**RECORDS:**
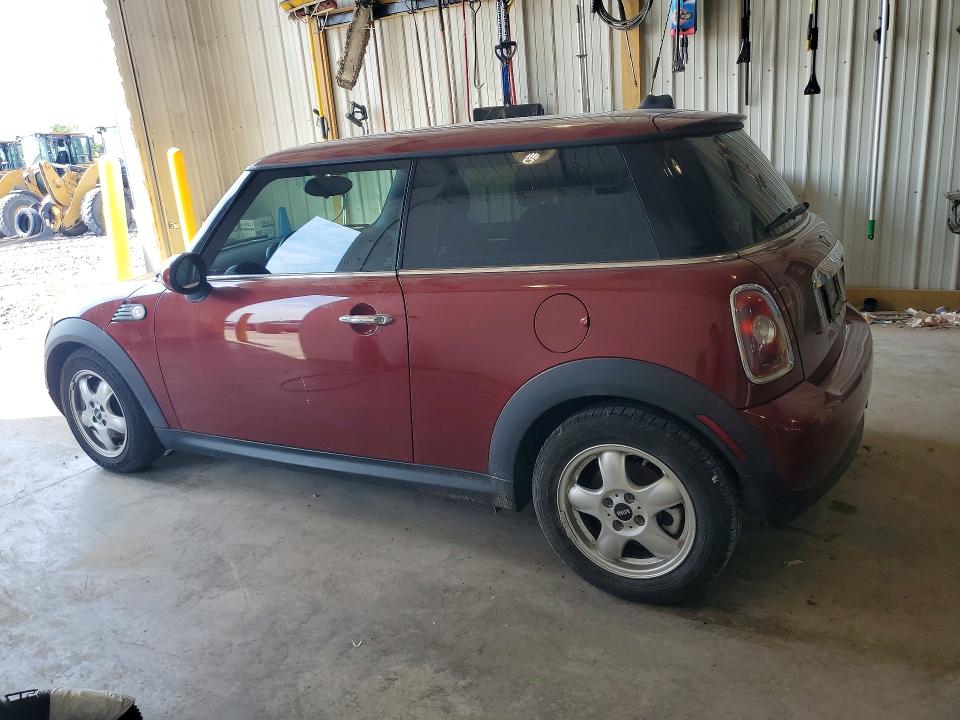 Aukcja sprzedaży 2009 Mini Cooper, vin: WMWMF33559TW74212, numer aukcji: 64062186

---

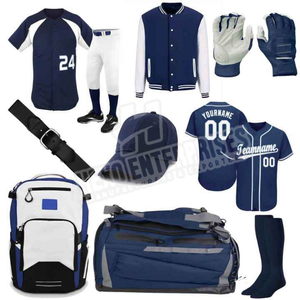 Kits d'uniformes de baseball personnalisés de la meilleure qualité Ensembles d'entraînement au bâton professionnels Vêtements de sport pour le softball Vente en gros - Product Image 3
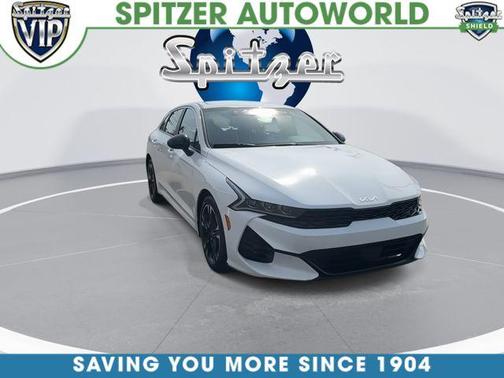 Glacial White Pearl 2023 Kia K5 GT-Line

==

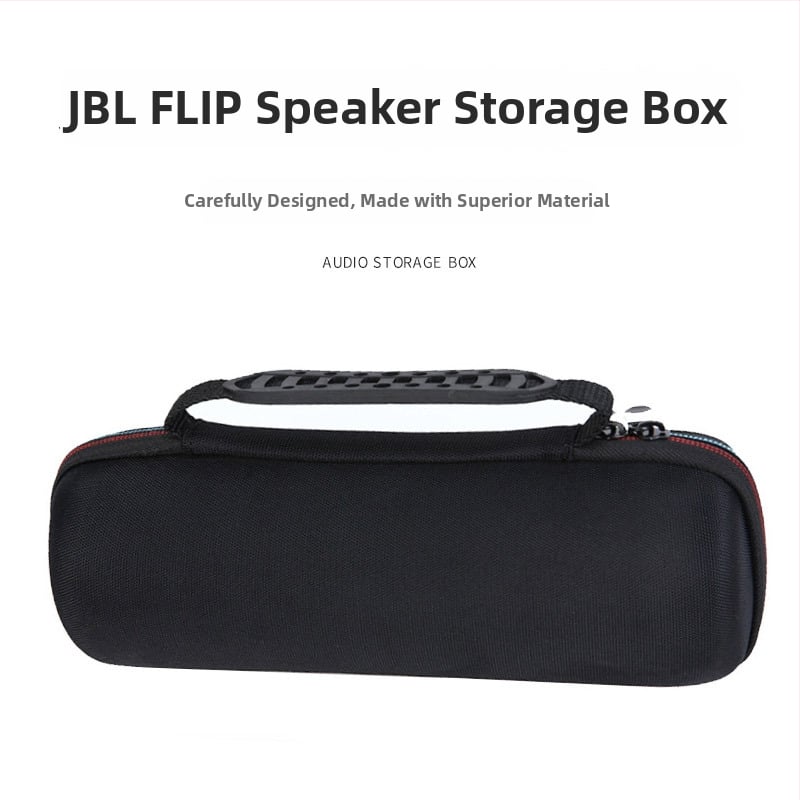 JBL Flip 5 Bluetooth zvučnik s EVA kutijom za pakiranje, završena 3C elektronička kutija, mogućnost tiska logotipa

**ASSIGNMENT:** Look above for the line with "Kits d'uniformes de", then give again exactly every line from there through the line with "Glacial White Pearl 2023 Kia K5 GT-Line", skipping the pictures.

**SOLUTION FOR THIS EXERCISE:**
 Kits d'uniformes de baseball personnalisés de la meilleure qualité Ensembles d'entraînement au bâton professionnels Vêtements de sport pour le softball Vente en gros - Product Image 3
 Glacial White Pearl 2023 Kia K5 GT-Line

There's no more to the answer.